Facebook Mobile App Galaxy S20 FeSource: Jeramy Johnson / Android Central

What you need to know

  • Facebook was fined in the UK for failing to provide full information related to its Giphy acquisition.
  • UK regulators imposed a £50.5 million fine on the company due to its failure to submit updates about whether it halted further integration with Giphy after purchasing it.
  • The social media giant has been accused of deliberately breaking that order.

The UK's competition watchdog has fined Facebook £50.5 million (approximately $69.7 million) for failing to submit the necessary information about its Giphy acquisition, marking the first time a company violated such a merger policy.

The UK's Competition and Markets Authority (CMA) said it fined Facebook for violating an initial enforcement order (IEO) that had been in place since June of last year, when the regulators launched an investigation into the company's $400 million acquisition of Giphy.

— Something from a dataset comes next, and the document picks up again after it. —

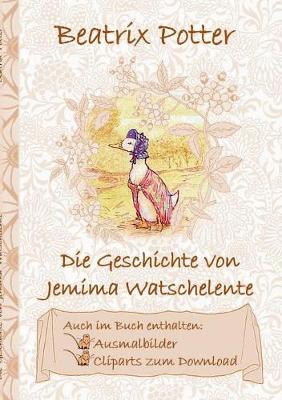 Book cover for Die Geschichte von Jemima Watschelente (inklusive Ausmalbilder und Cliparts zum Download)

The order was intended to prevent further integration of the two companies and to keep competition as it was before the merger.

Under that order, the social media giant is required to submit full updates to the CMA demonstrating its compliance with the order, which is a standard oversight procedure. Despite repeated warnings from regulators, Facebook allegedly made a concerted effort to conceal the required information.

"We strongly disagree with the CMA's unfair decision to punish Facebook for a best effort compliance approach, which the CMA itself ultimately approved," Facebook told Android Central in a statement. "We will review the CMA's decision and consider our options."

In August, the CMA concluded its investigation, noting that the merger could seriously harm competition among social platforms. It claimed that Facebook's ownership of the GIF-creation platform "could lead it to deny other platforms access to its GIFs," referring to the fact that the platform is available on many of the best Android phones and laptops.

While regulators have yet to make a final decision, Facebook's actions are thought to have harmed the CMA's ability to reverse the acquisition. According to the competition authority, the company "significantly limited the scope of those updates."

In addition to the penalty, Facebook has also been fined £500,000 ($700,000) for swapping its chief compliance officer twice with no approval from regulators. Joel Bamford, senior director of mergers at the CMA, said the fines "should serve as a warning to any company that thinks it is above the law."